О, Джорджианна попыталась заговорить с ним об ужасном происшествии, но Джордж, ее всегда мягкий и уступчивый Джордж, вдруг приказал замолчать и забыть обо всем. И в театр он долго отказывался идти, а после, когда представление началось, глаз не спускал с Лепаж…
Вздыхал, морщил лоб и постоянно тер шею платком, будто бы воротничок рубашки стал ему тесен. Джорджианна хорошо знала эти признаки. И старательно их не замечала. И совсем уж разболелась, когда вдруг почувствовала, что на нее смотрят. Она уцепилась за этот взгляд, как тонущий за протянутую руку. И тончайшая нить на долю мгновенья связала Джорджианну с девушкой, на корсаже которой неестественно ярко сверкала золотая цапля.
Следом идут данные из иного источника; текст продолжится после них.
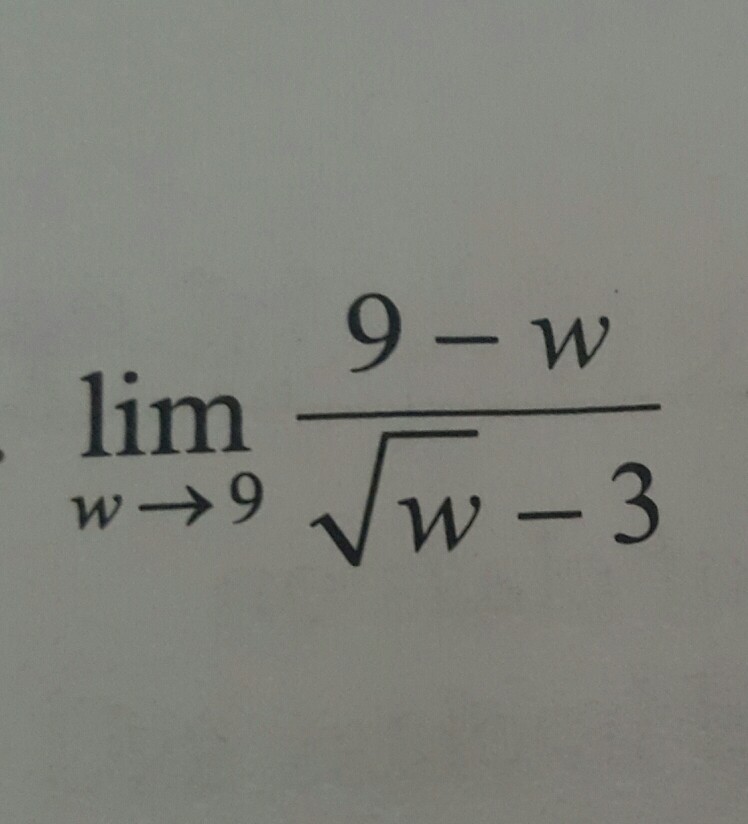 solved-use-limit-laws-to-establish-value-of-each-of-the-chegg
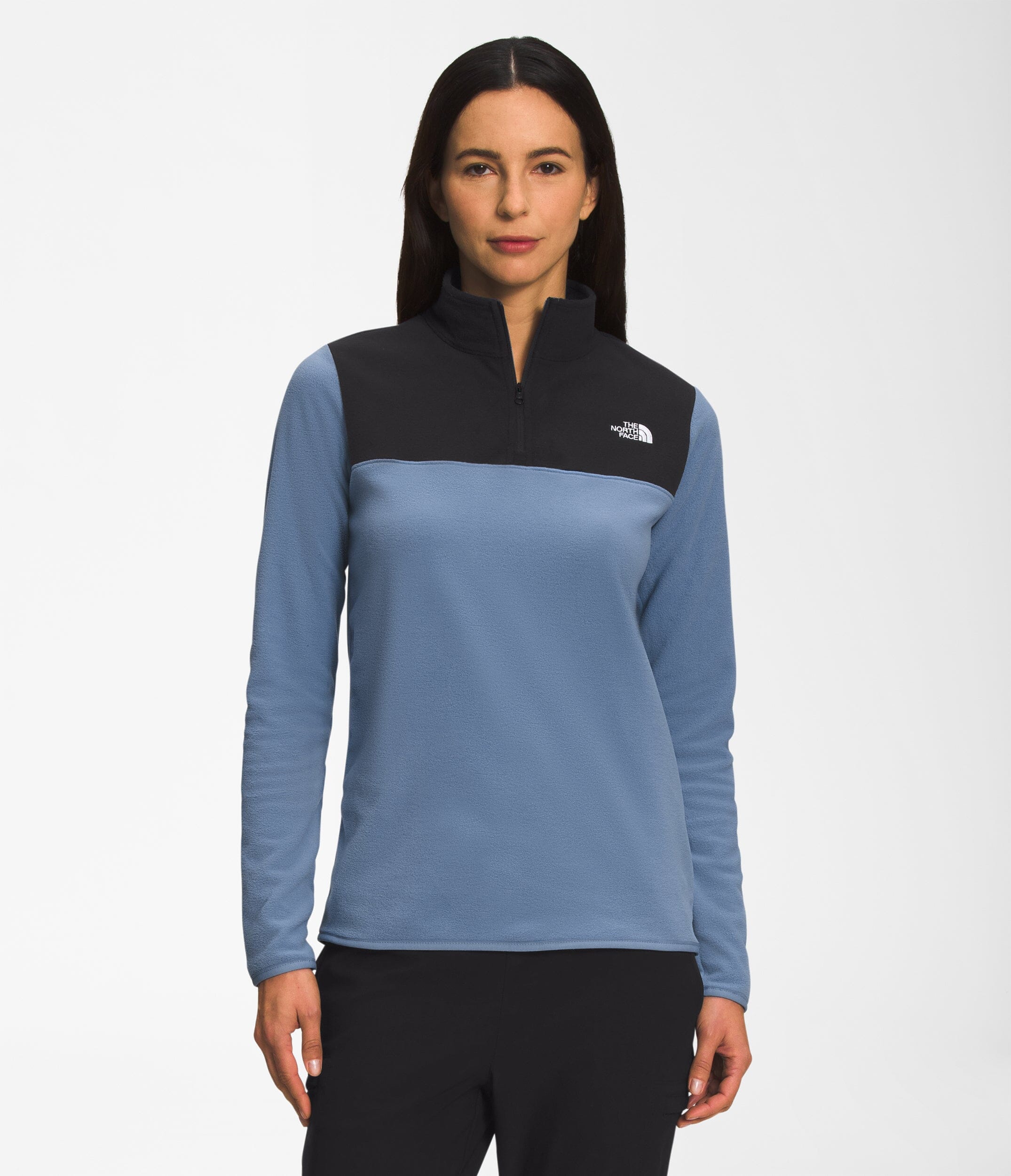 North Face Women's Cragmont Fleece Pullover Jacket – Brine Sporting Goods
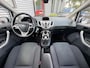 Ford Fiesta 1.6 Sport -120 PK!-CLIMA-CRUISECONTROL-BLUETOOTH-LICHTMETALEN VELGEN-STOELVERWARMING-ORIGINEEL NEDERLANDS!-107.829 KMS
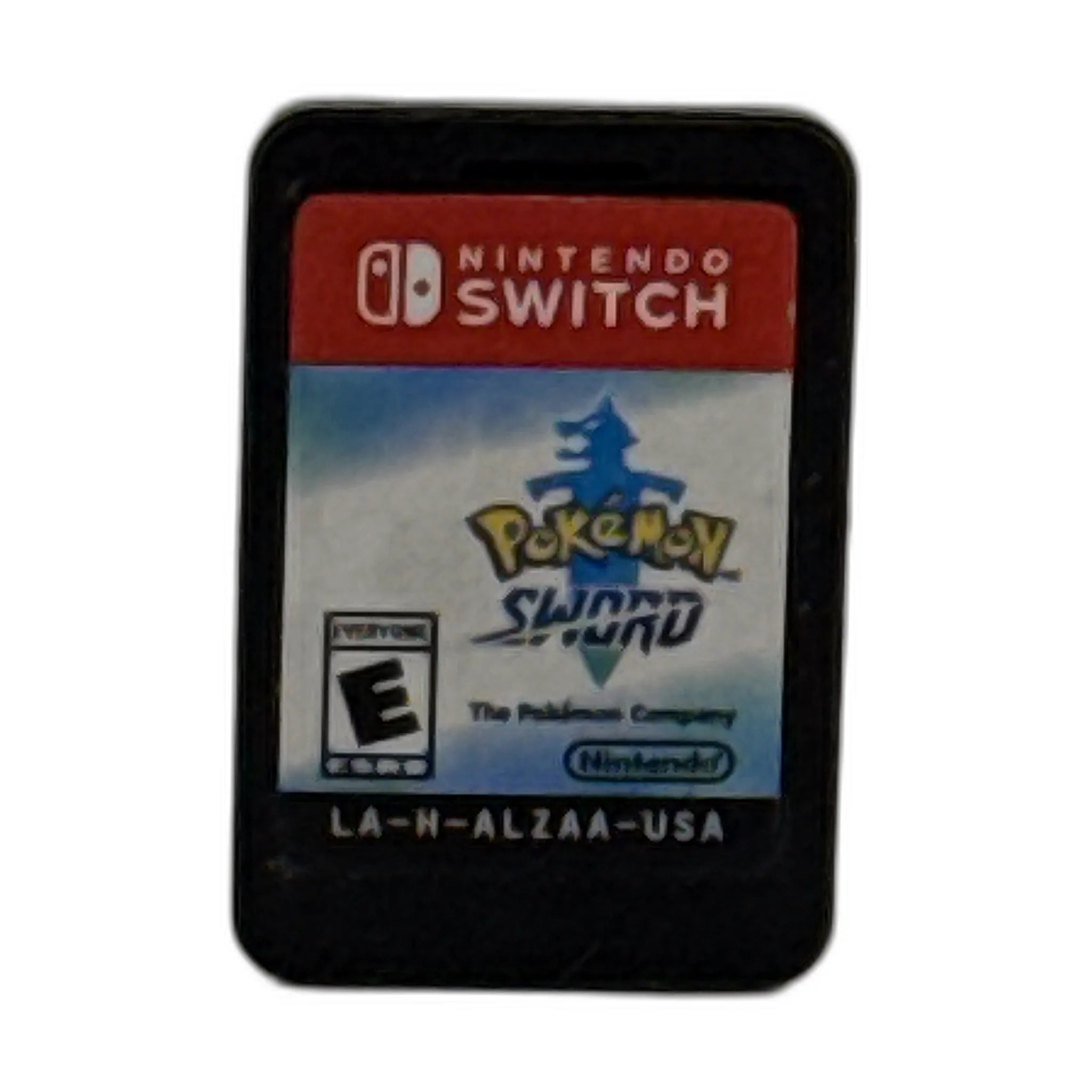 Pokemon Sword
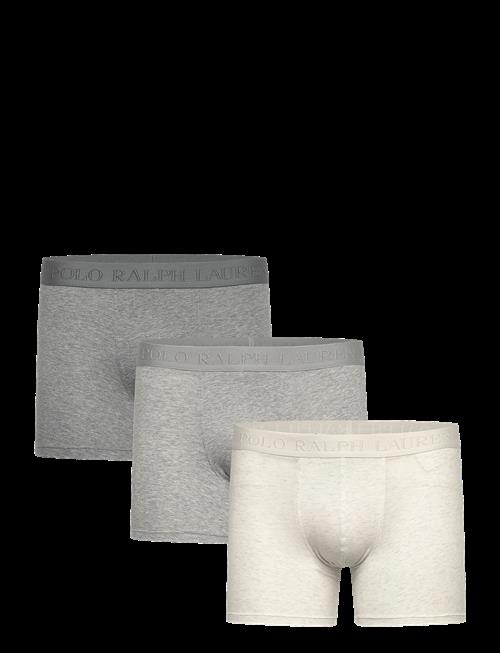 Polo Ralph Lauren | Stretch Cotton Boxer Brief 3-Pack | M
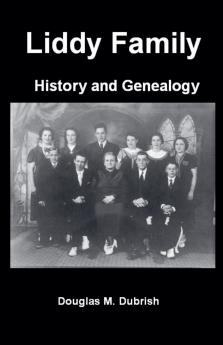 Liddy Family History and Genealogy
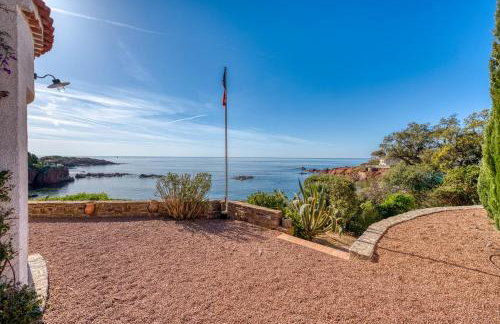 La flémmardière dans une crique paradisiaque - Foto 41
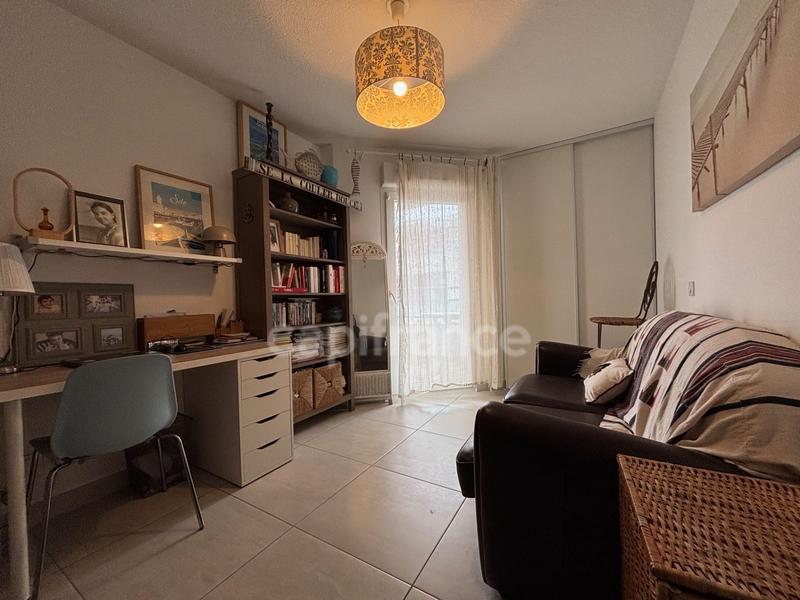 Appartement - 94 m² - 4 pièces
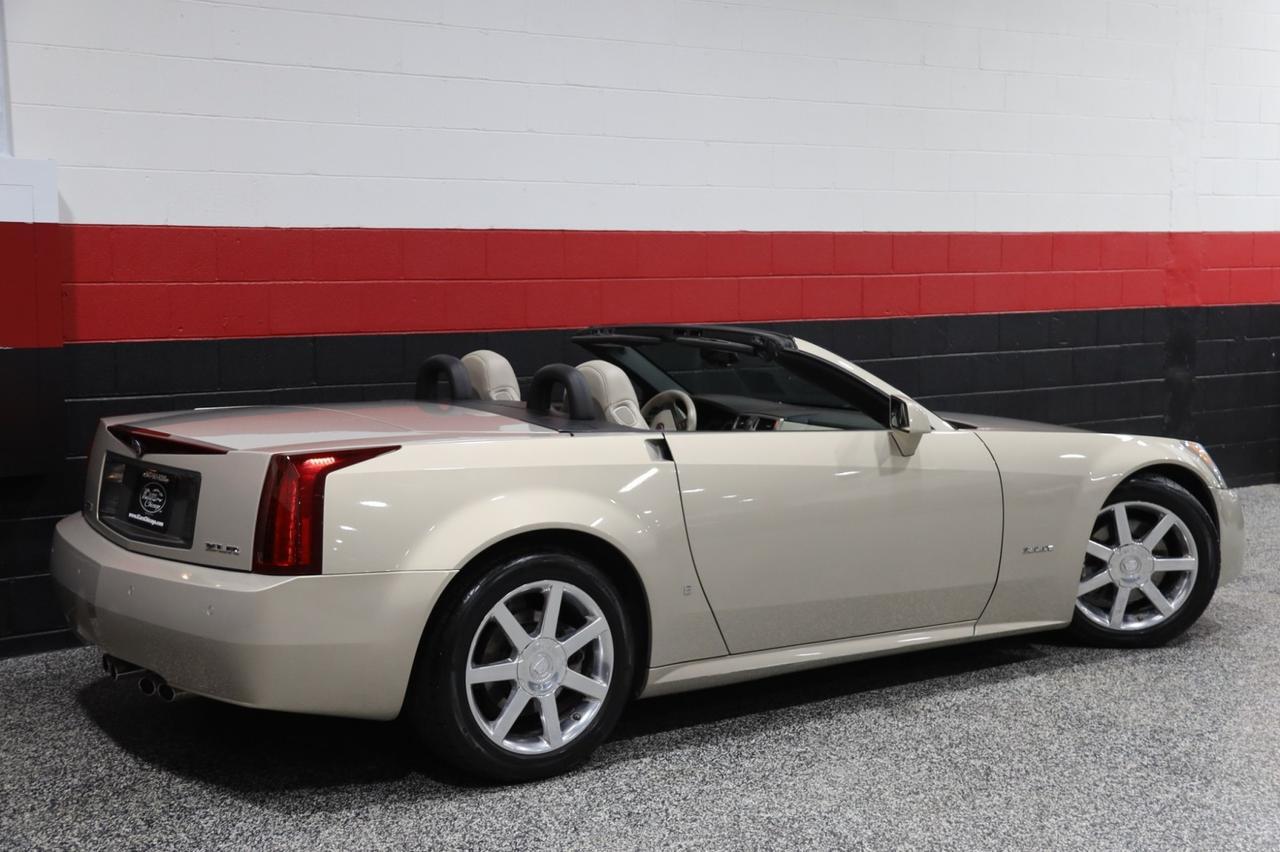 2006 Cadillac XLR 2dr Convertible Skokie IL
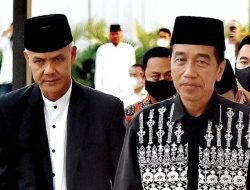 Jhon Sitorus Sebut Sudah Bukan Zamannya Pemimpin Suka Pidato, Tapi yang Sederhana dan Merakyat Seperti Jokowi dan Ganjar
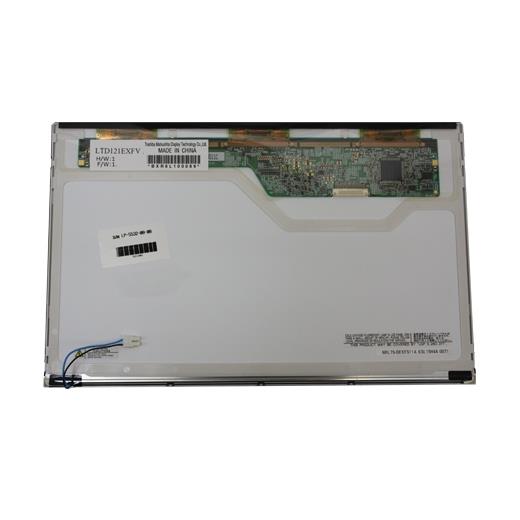 ERL-12131 - 12.1¨ Wxga, 20 Pin X-Bright Notebook Lcd Panel Çözünürlük : 1280x800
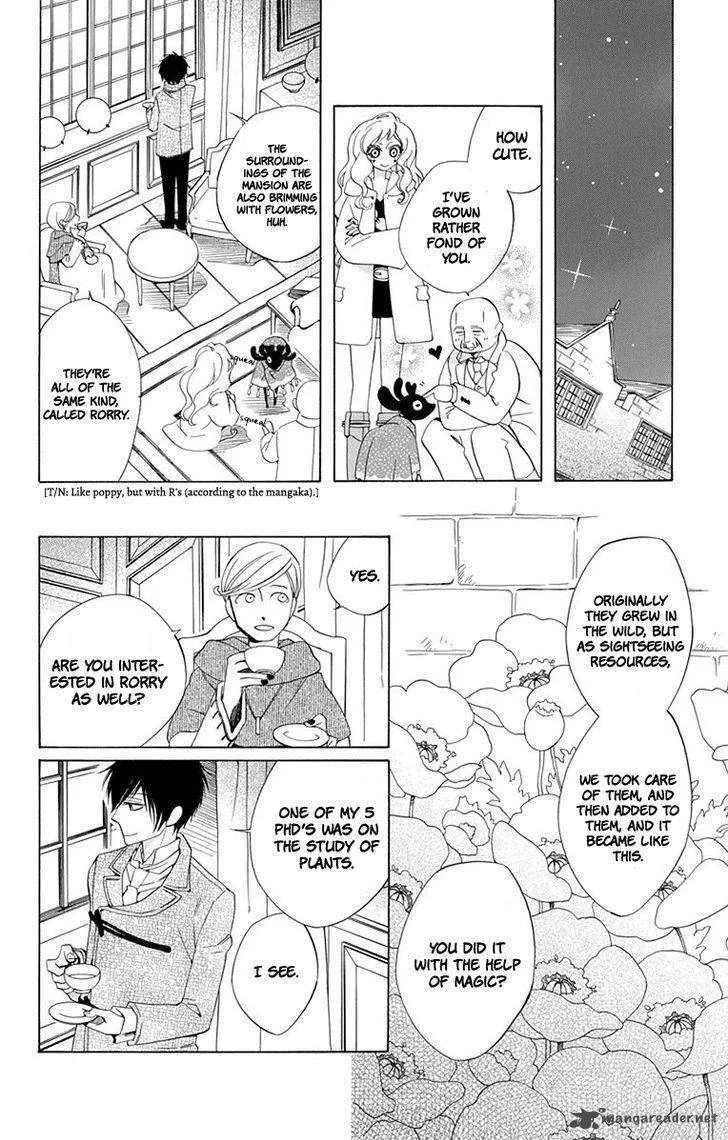 Sekai de Ichiban Warui Majo Chapter 2 page 22
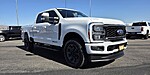 Used 2023 FORD F-250 LARIAT 4WD CREW CAB 8' BOX in LAS VEGAS, NEVADA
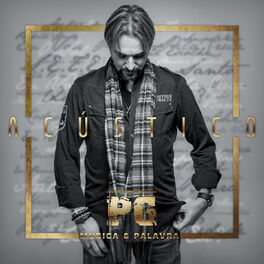 Album cover of Música e Palavra (Acústico)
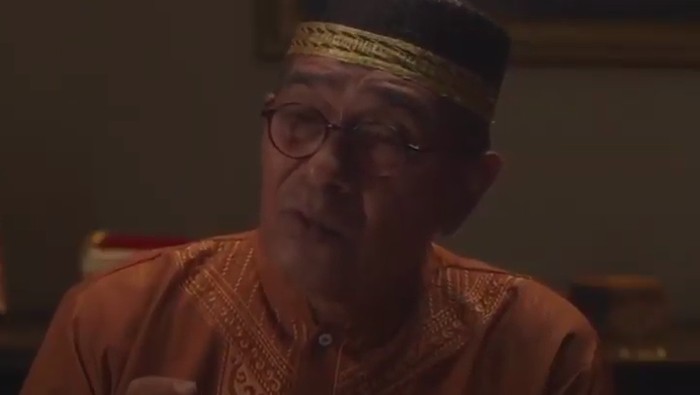 Wawan Wanisar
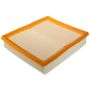 MAHLE LX 539 Air Filter
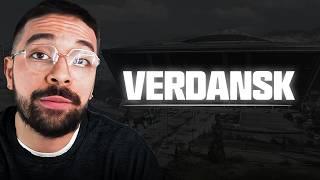 The Truth About Verdansk... Is It Too Late?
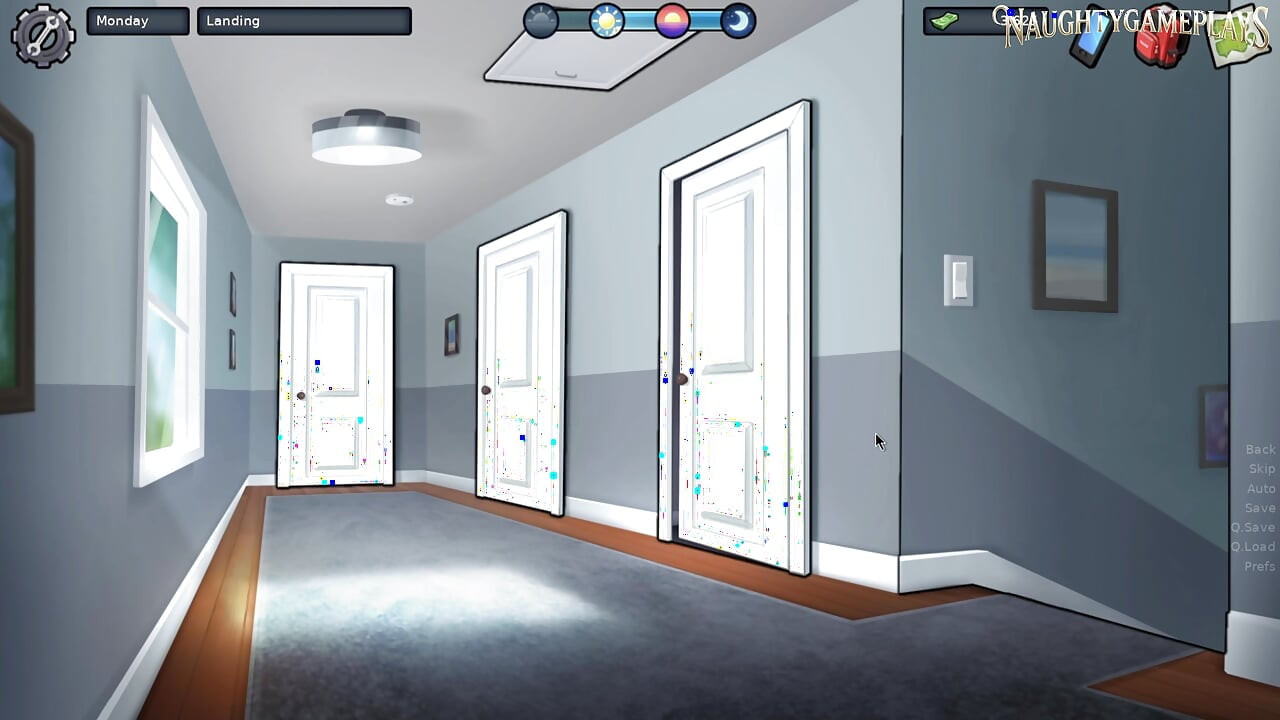 Tante seksi ini dientot habis-habisan sampai dicrot di dalam - cerita musim panas 45 oleh darkcookie - game 3d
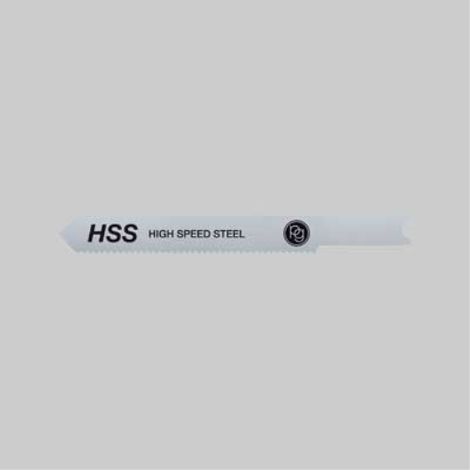 Lama in hss per seghetto alternativo att. black & decker 50 mm - confezione 3 pezzi PG PROFESSIONAL (1/2)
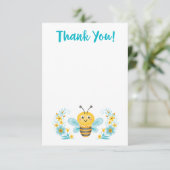 ビーサンキューカード サンキューカード (スタンド正面)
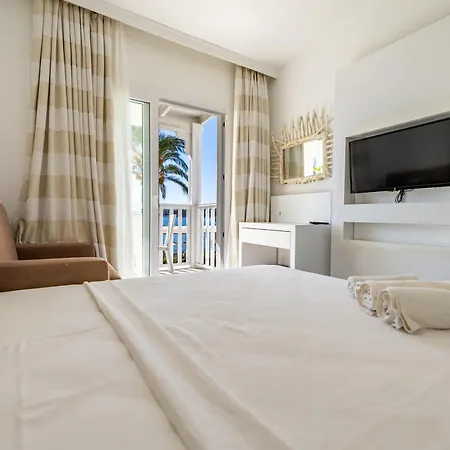 Ladonia Mio Mare 4*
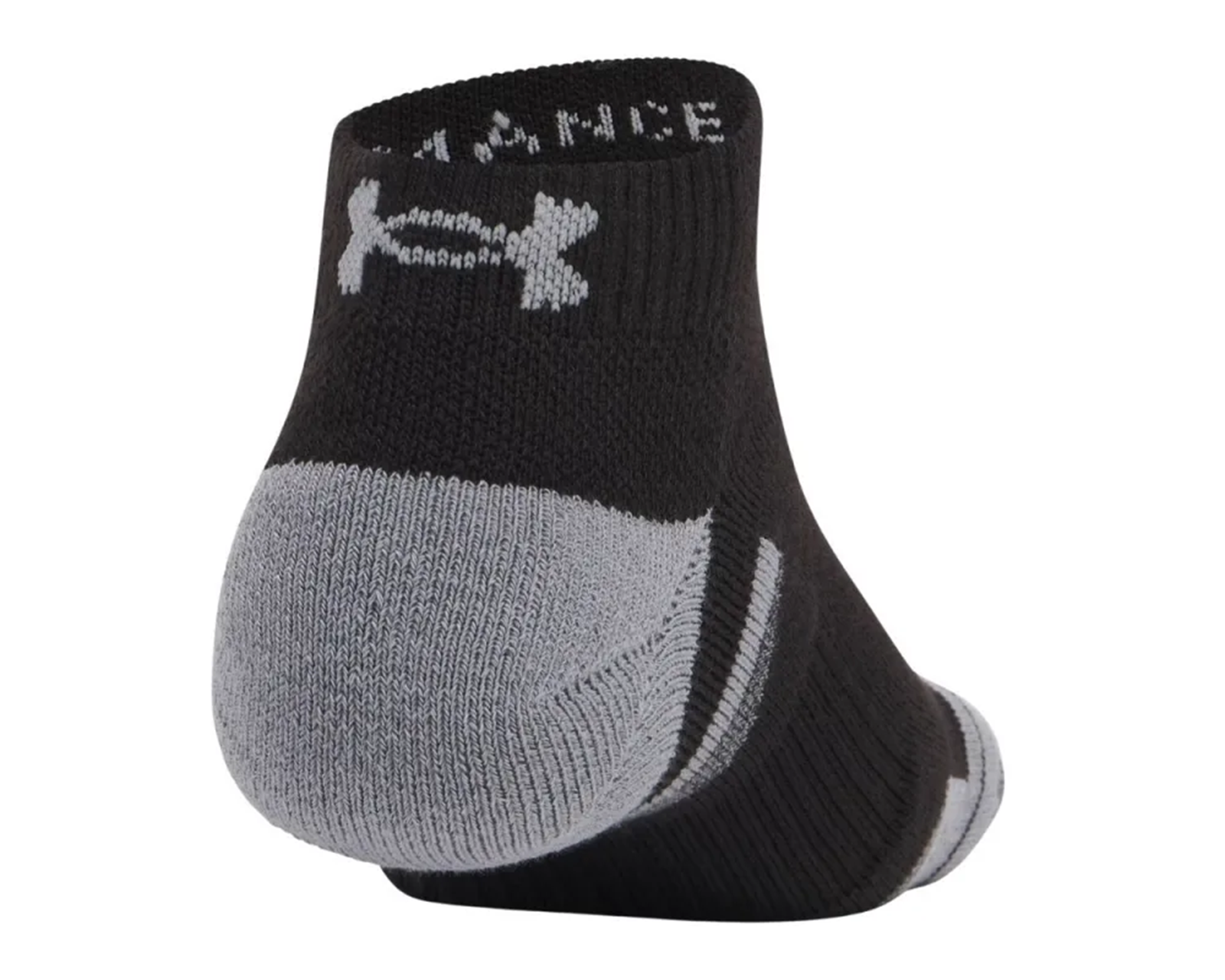 Foto 4 pulgar | Calcetines Under Armour Perf Tech 6 Pack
Узнать имя девчонки оказалось легко. Несколько фраз, неозвученных вопросов и Джорджи, счастливый, что вопросы эти не являются неудобными, мигом все выяснил.
Эмили Спрингфлауэр. Двадцать два года. Родители погибли во младенчестве, но в старушенции Хоцвальд вдруг проснулось христианское милосердие, которое и подвигло на опеку над девочкой. Конечно, поговаривали, что милосердие это оказалось весьма выгодным для Хоцвальдов, но… но какая разница, если хорошо было всем? Правда, конечно, странно, что старуха столько тянула с представлением Эмили свету. Ну да Хоцвальды все с причудами.
— Итак, милочка, на бал вы, вне всяких сомнений, идете. И раз уж вышло так, что ваша опекунша не может представить вас свету, то я возьму этот труд на себя. Не стоит благодарностей, мне будет даже интересно, но…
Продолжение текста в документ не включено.